# the girl who/whom I saw



## domingoolivares

Buenas,

En los siguientes ejemplos me gustaría saber si es intercambiable el "whom" por el "who" y si signifaría lo mismo?

- She is the girl *whom/who* I saw at the party last night
- The woman *whom/who* you saw yesterday is my teacher
- The boy *whom/who* the policemen rescued from the boat was terrified

Gracias,


----------



## Vicario

domingoolivares said:


> Buenas,
> 
> En los siguientes ejemplos me gustaría saber si es intercambiable el "whom" por el "who" y si signifaría lo mismo?
> 
> - She is the girl *whom/who* I saw at the party last night
> - The woman *whom/who* you saw yesterday is my teacher
> - The boy *whom/who* the policemen rescued from the boat was terrified
> 
> Gracias,



Si quieres hablar bien y dar una buena impresión en Inglaterra, usarías 'whom' en tus frases.  Son complementos directos del verbo (the policeman rescued the boy etc.).  Es una lástima que 'whom' desaparezca poco a poco de la lengua hablada y que casi todo el mundo diría 'who'.  Pero 'whom' es correcto.


----------



## Borges

You use _who_ when you are referring to the subject of a clause and _whom_ when you are referring to the object of a clause. She is the girl who ...
The woman whom you saw ...
The boy whom the policeman rescued....


----------



## Borges

Vicario, I think the first one is who not whom.   I'll just say that for native speakers these are VERY often gotten wrong.  Unfortunately, I can't exclude myself from the 
error prone*.   *


----------



## domingoolivares

Pero entonces, como aclaración ¿estarían bien expresadas las tres frases con "who"?


----------



## Vicario

domingoolivares said:


> Pero entonces, como aclaración ¿estarían bien expresadas las tres frases con "who"?


----------



## Vicario

No.  Si quieres hablar/escribir bien, usa 'whom'.


----------



## Borges

domingoolivares said:


> Pero entonces, como aclaración ¿estarían bien expresadas las tres frases con "who"?
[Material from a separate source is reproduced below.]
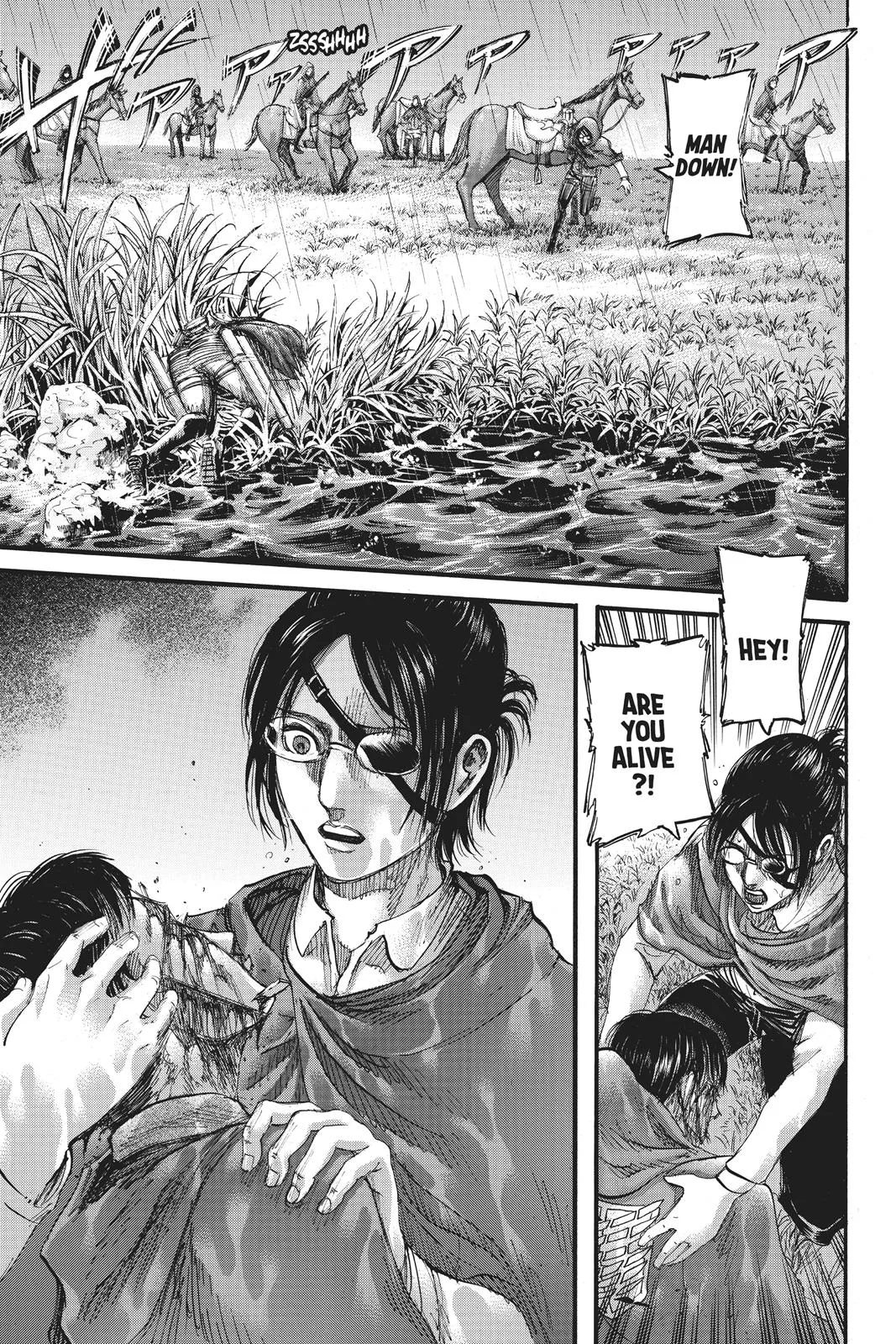 Attack on Titan - Chapter 115 - Page 35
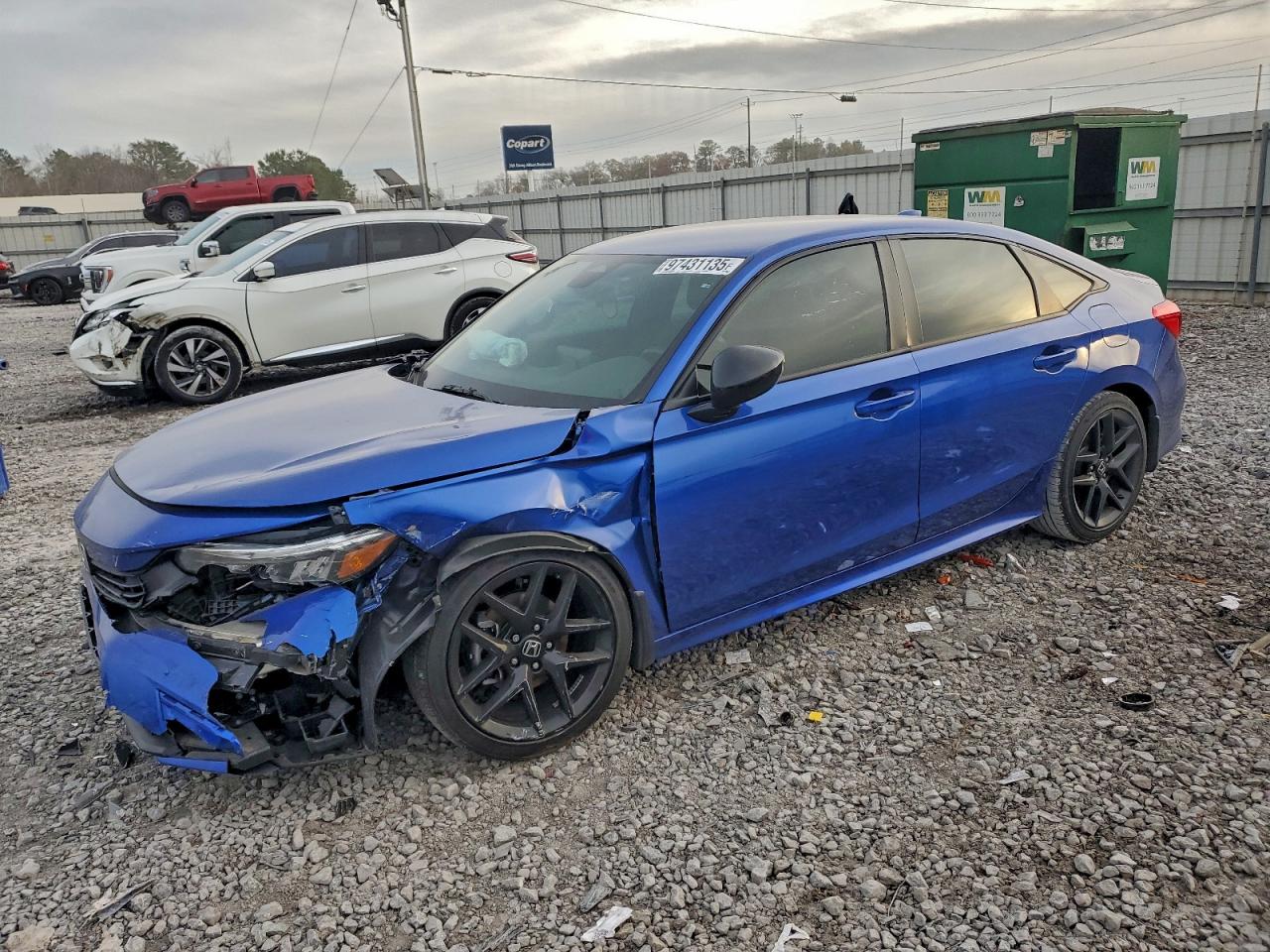 Honda Civic Sport Image 1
No.  I believe the last two require "whom".   I will say again however, that very few Americans would even notice in spoken speech if you say "who" in all three sentences.  Maybe more native speakers can chime in here but if you say "whom" in spoken speech it almost draws your attention and you think "Wow, they are speaking very grammatically."


----------



## Vicario

Borges said:


> No.  I believe the last two require "whom".   I will say again however, that very few Americans would even notice in spoken speech if you say "who" in all three sentences.  Maybe more native speakers can chime in here but if you say "whom" in spoken speech it almost draws your attention and you think "Wow, they are speaking very grammatically."


----------



## Vicario

No.  All three require 'whom'.  I thought you liked Downton Abbey over there!  It's that kind of context you might hear it in most, but it is correct, honestly.


----------



## St. Nick

If the relative clauses were non-restrictive, e.g., _'The boy, whom the police had rescued  from the boat, was terrified,'_ the use of _"whom"_ would be easier to digest.  But, because all three of the relative clauses are restrictive in your examples, the pronoun _"whom"_ ends up sounding clumsy. Employing the relative pronoun _"that"_ makes life a lot easier when the subject of the sentence plays both a subjective and an objective role within the same structure.


----------



## Borges

Vicario said:


> No.  All three require 'whom'.  I thought you liked Downton Abbey over there!  It's that kind of context you might hear it in most, but it is correct, honestly.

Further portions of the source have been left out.